:: Exercise brief ::
Could you return all of the entries word for word, minus any pictures?

:: Input for this task ::
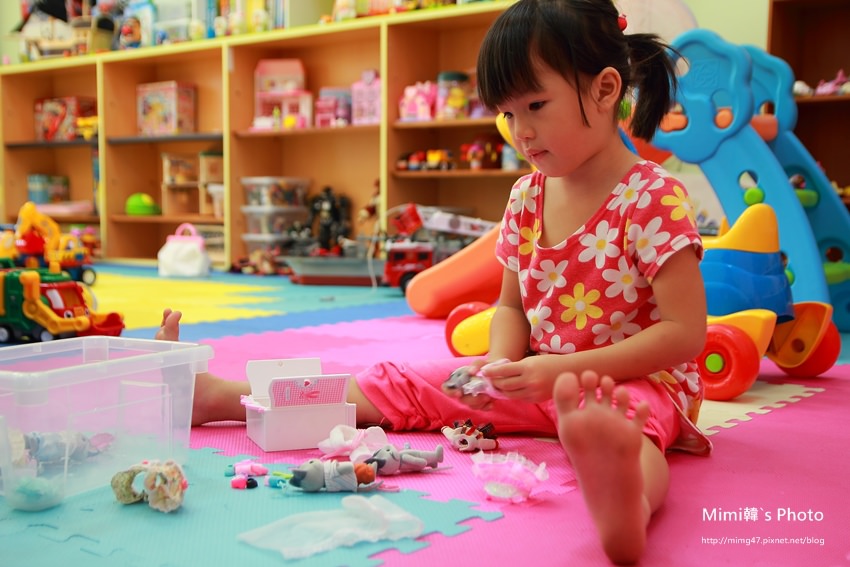 【台南親子景點】玩具愛樂園親子館：孩子們的夢幻遊戲室，這裡有好多百貨專櫃玩具、繪本、有聲書~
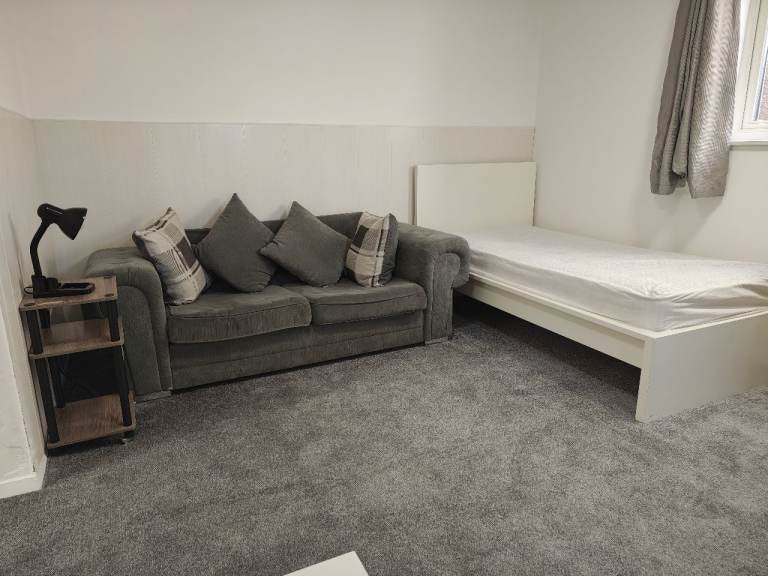 Room Cricklade Road in Swindon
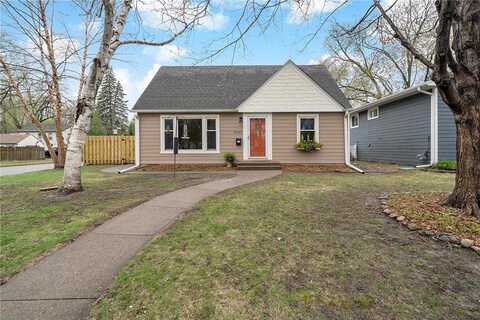 3001 Zenith Avenue N, Robbinsdale, MN 55422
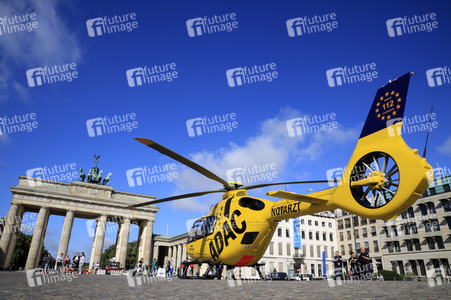 Notarzteinsatz am Brandenburger Tor in Berlin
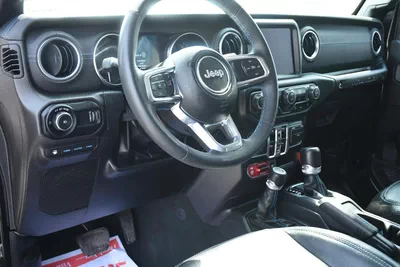 RUBICON 4XE ( PHEV ) 2023 | BLACK LIKE-8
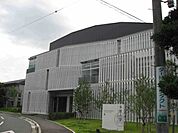 大学「多摩大学湘南キャンパスまで740m」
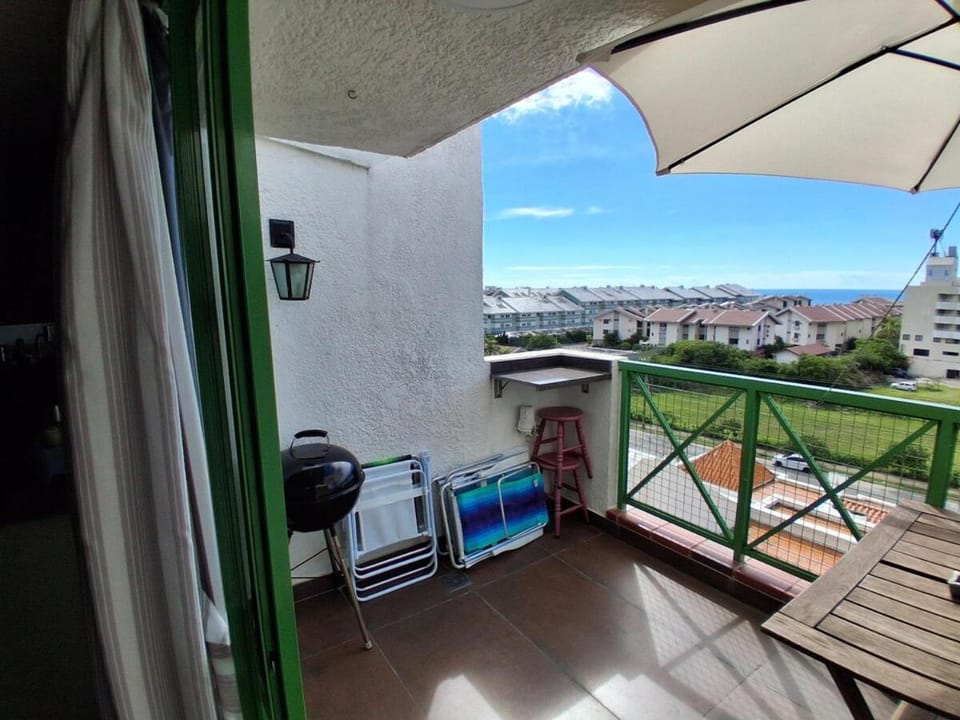 Lindo Apartamento na Praia Brava com Vista para o Mar Apartment in Florianopolis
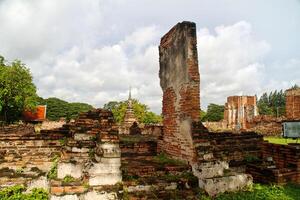 pagoda en el templo de wat chaiwattanaram, ayutthaya, tailandia foto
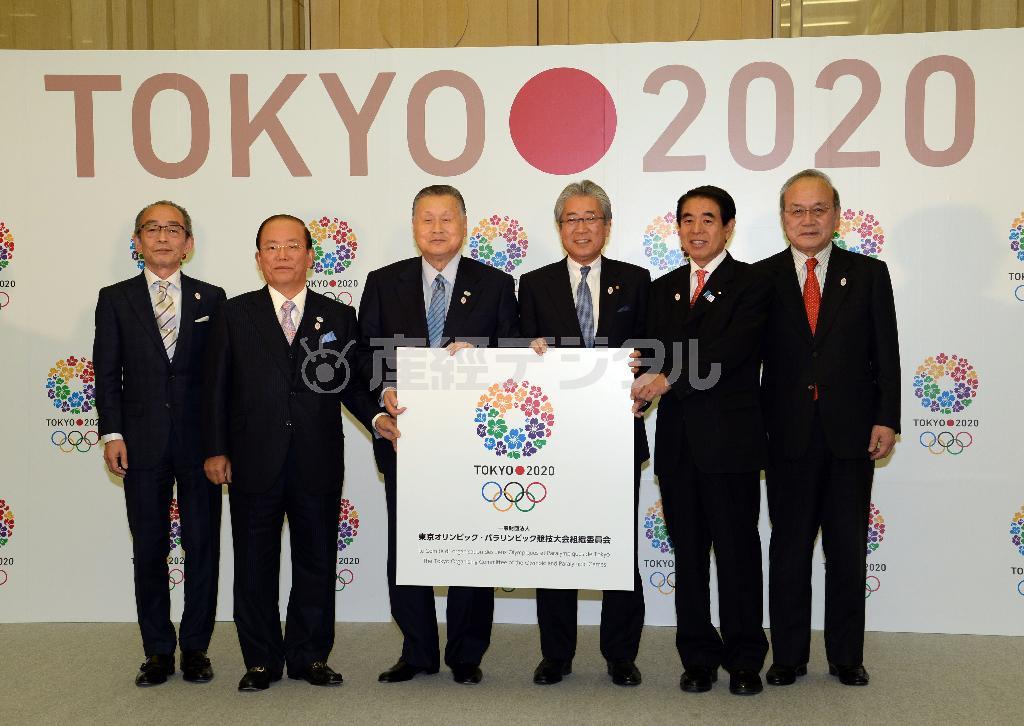 ２０２０年東京五輪・パラリンピック組織委員会が発足し、笑顔で記念写真に納まる（左から）秋山俊行東京都副知事、武藤敏郎（としろう）事務総長、森喜朗（よしろう）会長、竹田恒和（つねかず）ＪＯＣ（日本オリンピック委員会）会長、下村博文（しもむら・はくぶん）文科相、鳥原光憲（みつのり）ＪＰＣ（日本パラリンピック委員会）委員長＝２０１４年１月２４日夜、東京都新宿区・東京都庁（大橋純人撮影）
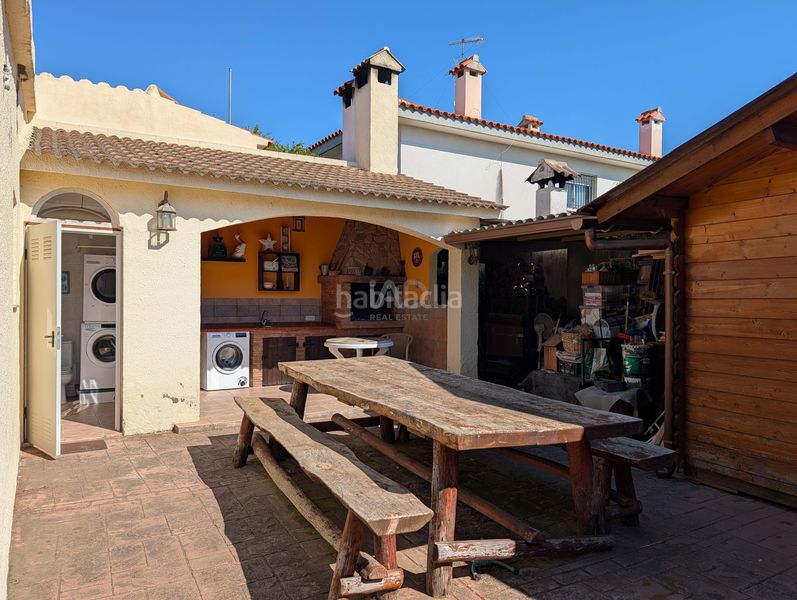 Foto 4661363b-3a2b-4a04-b6b3-248a468cb3aa. Casa amb calefacció aparcament piscina a Cunit residencial Cunit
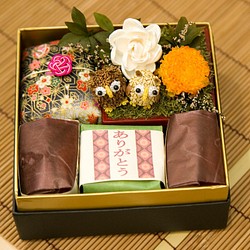 華こころ 菊ゆめ　洋菓子とプリザーブドフラワーギフトＢＯＸ♪お年賀、還暦祝いの贈り物におすすめ！ 1枚目の画像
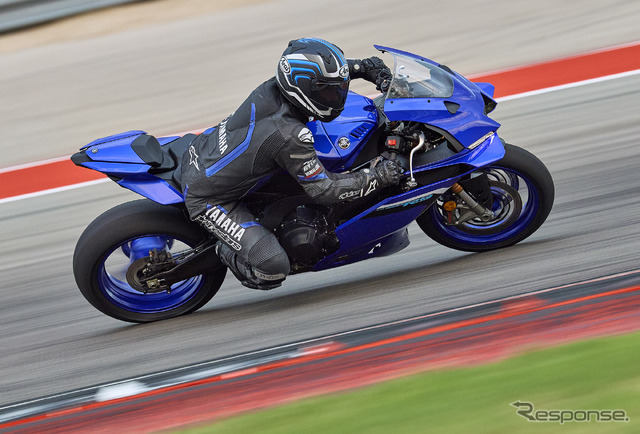 ヤマハ YZF-R9（写真は海外仕様）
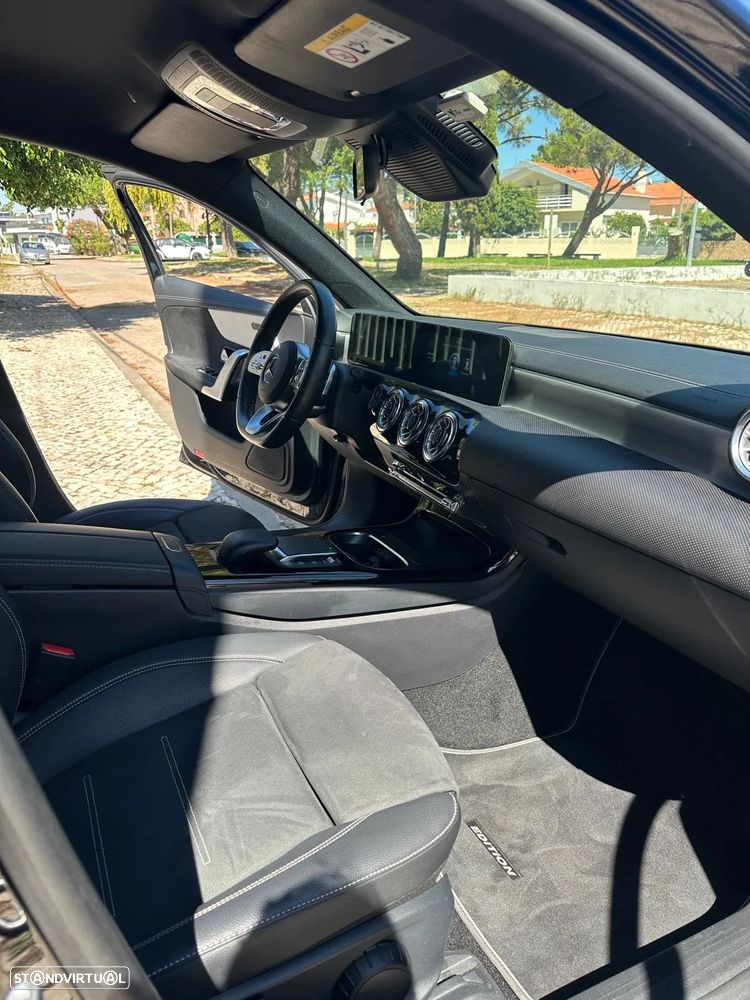 Mercedes-Benz A 250 Limousine e AMG Line - 7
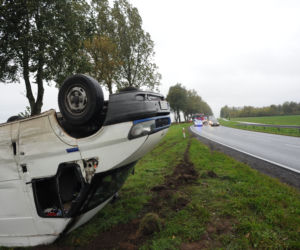 Wypadek karetki pogotowia. Ranny pacjent [ZDJĘCIA]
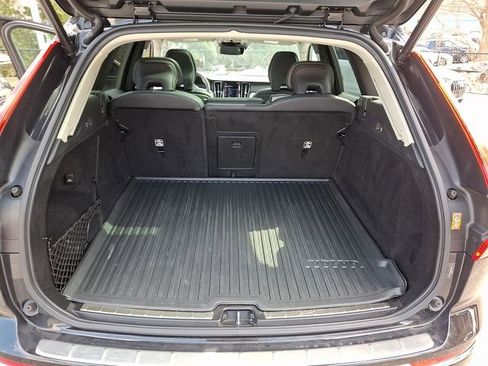 Used 2021 Volvo XC60 T6 Inscription w/ Advanced Package image 31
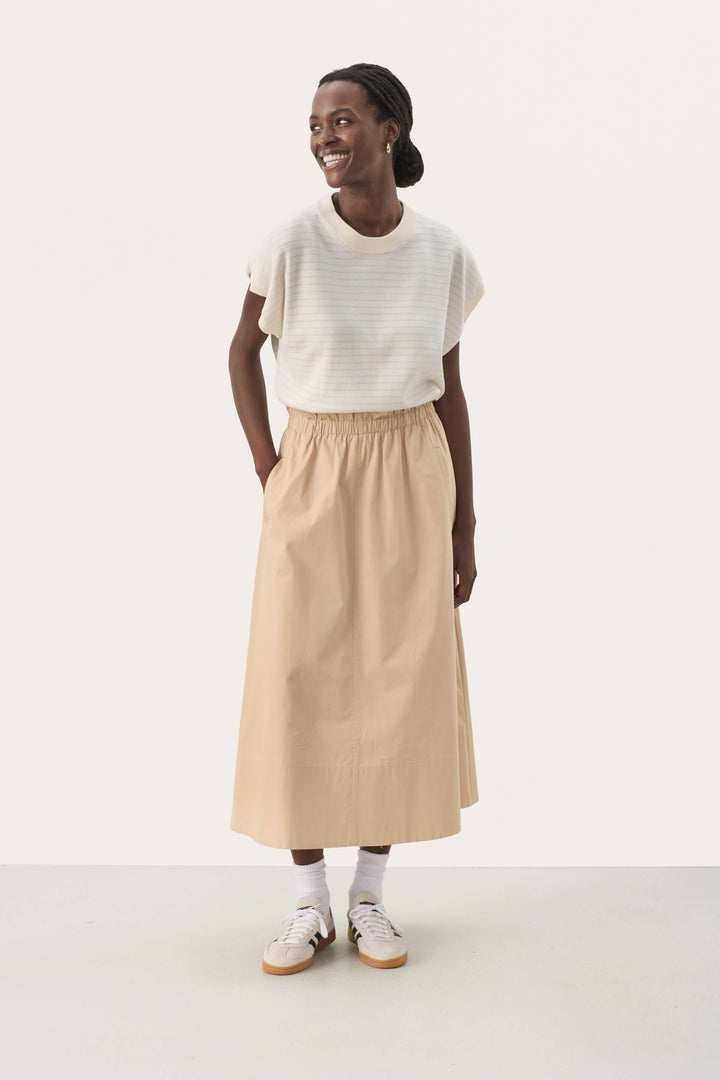 Femme souriante portant une jupe longue en coton léger, look élégant et décontracté, taille élastique.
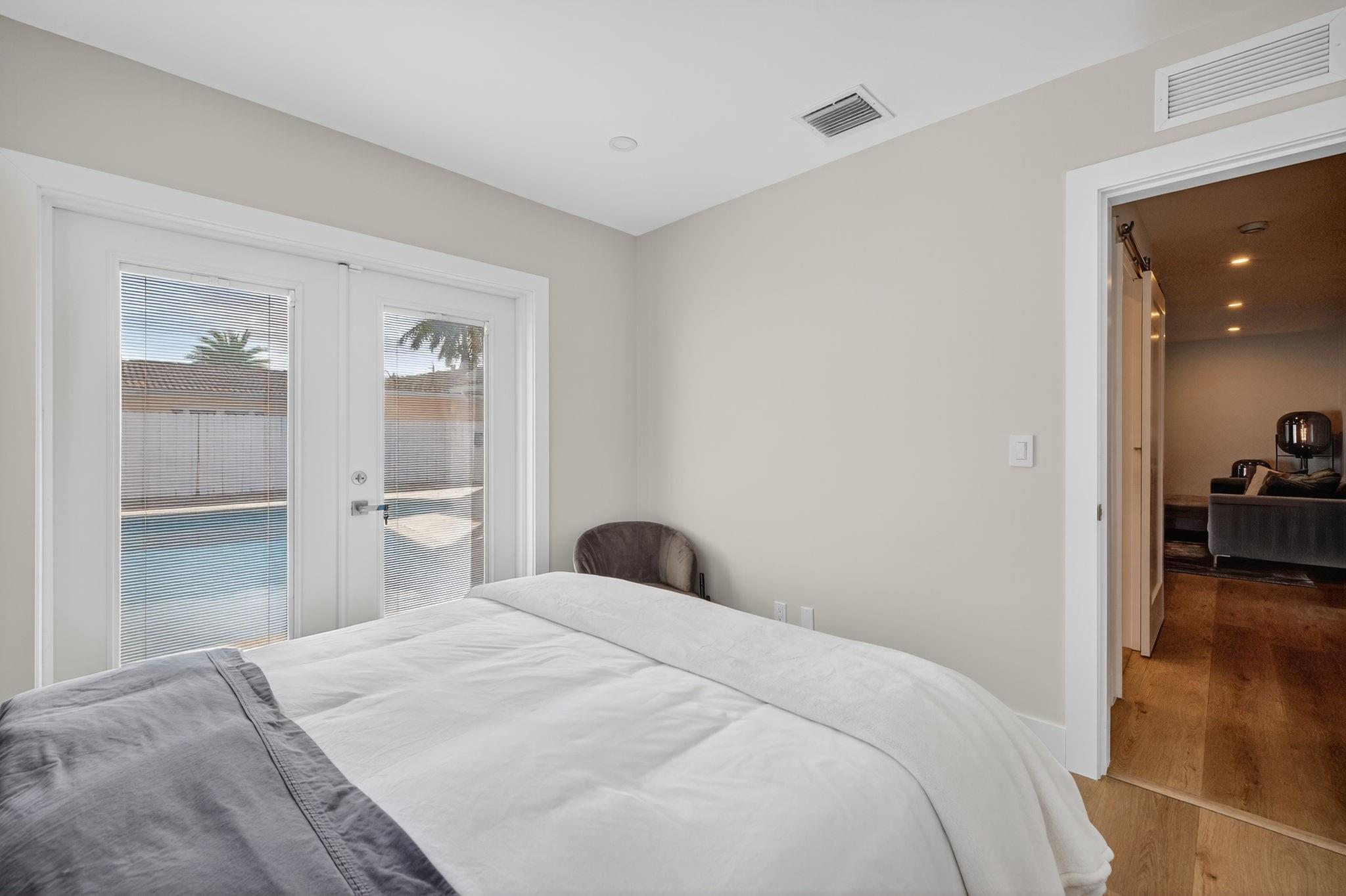 5950 NE 28th Ave Fort Lauderdale, FL 33308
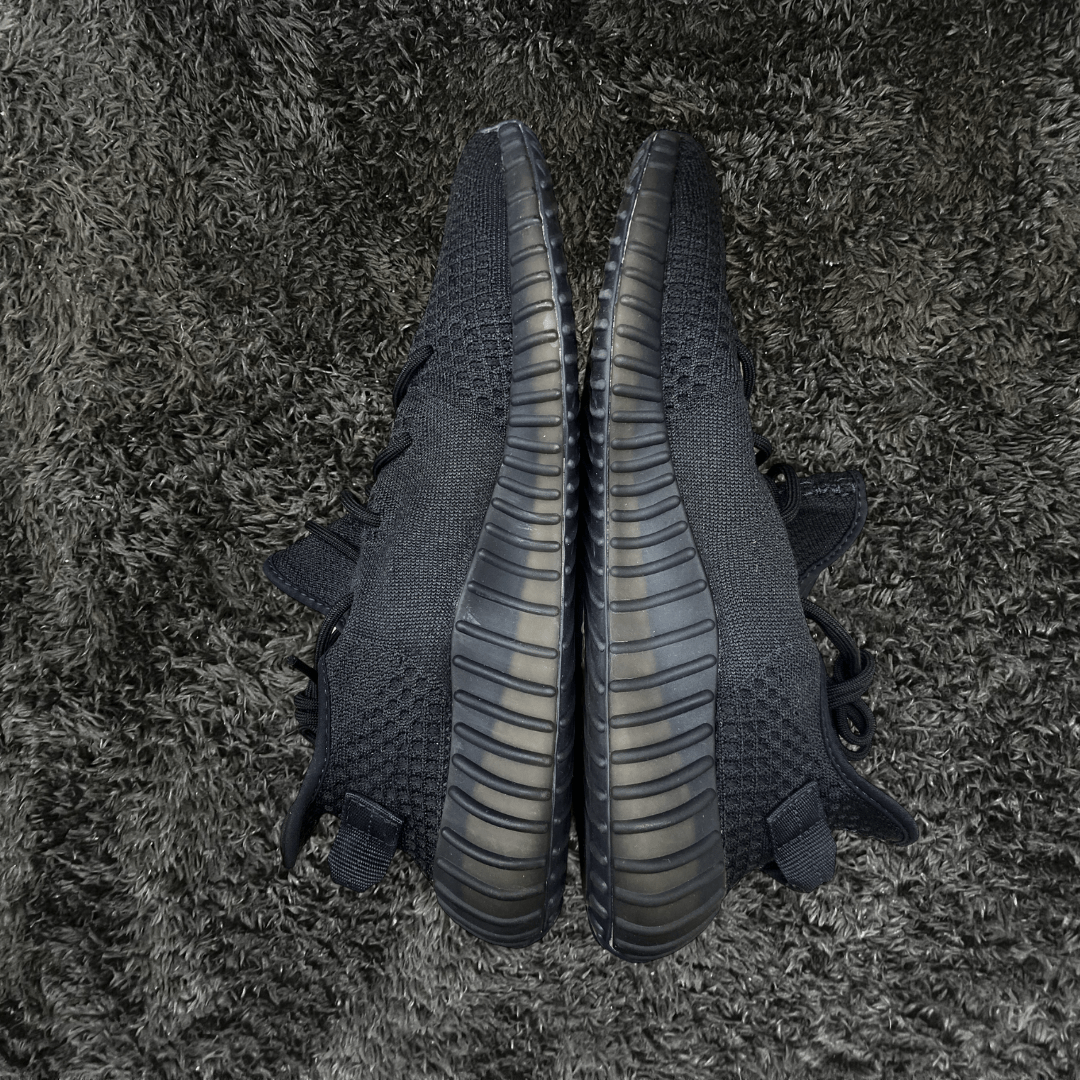 Adidas Yeezy 350 V2 Onyx (De Uso) - Urban Utility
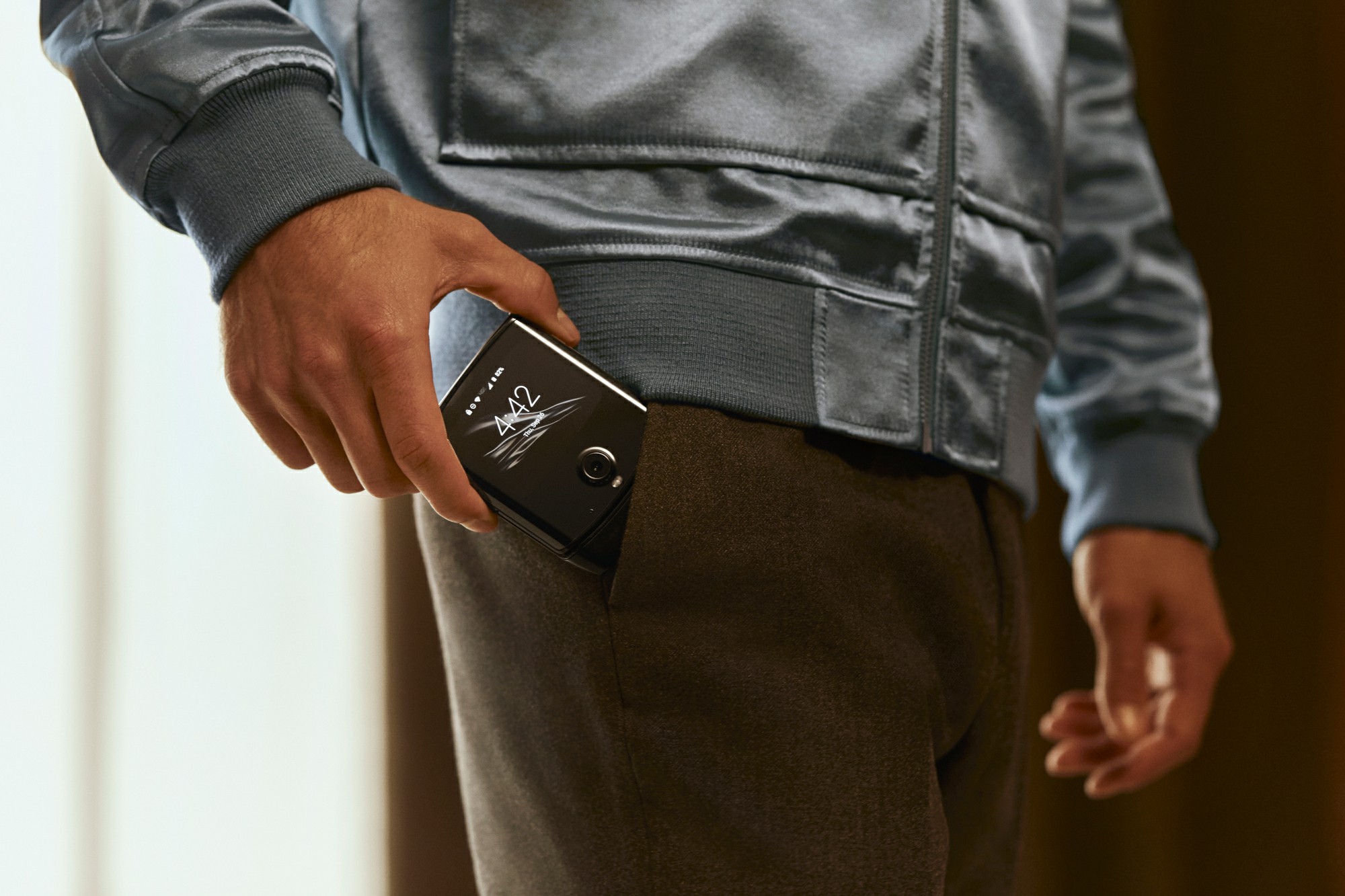 موتورولا Razr هفدهم بهمنماه به بازار عرضه میشود موتورولا Razr هفدهم بهمنماه به بازار عرضه میشود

:: Exercise response ::
 【台南親子景點】玩具愛樂園親子館：孩子們的夢幻遊戲室，這裡有好多百貨專櫃玩具、繪本、有聲書~
 Room Cricklade Road in Swindon
 3001 Zenith Avenue N, Robbinsdale, MN 55422
 Notarzteinsatz am Brandenburger Tor in Berlin
 RUBICON 4XE ( PHEV ) 2023 | BLACK LIKE-8
 大学「多摩大学湘南キャンパスまで740m」
 Lindo Apartamento na Praia Brava com Vista para o Mar Apartment in Florianopolis
 pagoda en el templo de wat chaiwattanaram, ayutthaya, tailandia foto
 ２０２０年東京五輪・パラリンピック組織委員会が発足し、笑顔で記念写真に納まる（左から）秋山俊行東京都副知事、武藤敏郎（としろう）事務総長、森喜朗（よしろう）会長、竹田恒和（つねかず）ＪＯＣ（日本オリンピック委員会）会長、下村博文（しもむら・はくぶん）文科相、鳥原光憲（みつのり）ＪＰＣ（日本パラリンピック委員会）委員長＝２０１４年１月２４日夜、東京都新宿区・東京都庁（大橋純人撮影）
 Foto 4661363b-3a2b-4a04-b6b3-248a468cb3aa. Casa amb calefacció aparcament piscina a Cunit residencial Cunit
 華こころ 菊ゆめ　洋菓子とプリザーブドフラワーギフトＢＯＸ♪お年賀、還暦祝いの贈り物におすすめ！ 1枚目の画像
 ヤマハ YZF-R9（写真は海外仕様）
 Mercedes-Benz A 250 Limousine e AMG Line - 7
 Wypadek karetki pogotowia. Ranny pacjent [ZDJĘCIA]
 Used 2021 Volvo XC60 T6 Inscription w/ Advanced Package image 31
 Femme souriante portant une jupe longue en coton léger, look élégant et décontracté, taille élastique.
 5950 NE 28th Ave Fort Lauderdale, FL 33308
 Adidas Yeezy 350 V2 Onyx (De Uso) - Urban Utility
 موتورولا Razr هفدهم بهمنماه به بازار عرضه میشود موتورولا Razr هفدهم بهمنماه به بازار عرضه میشود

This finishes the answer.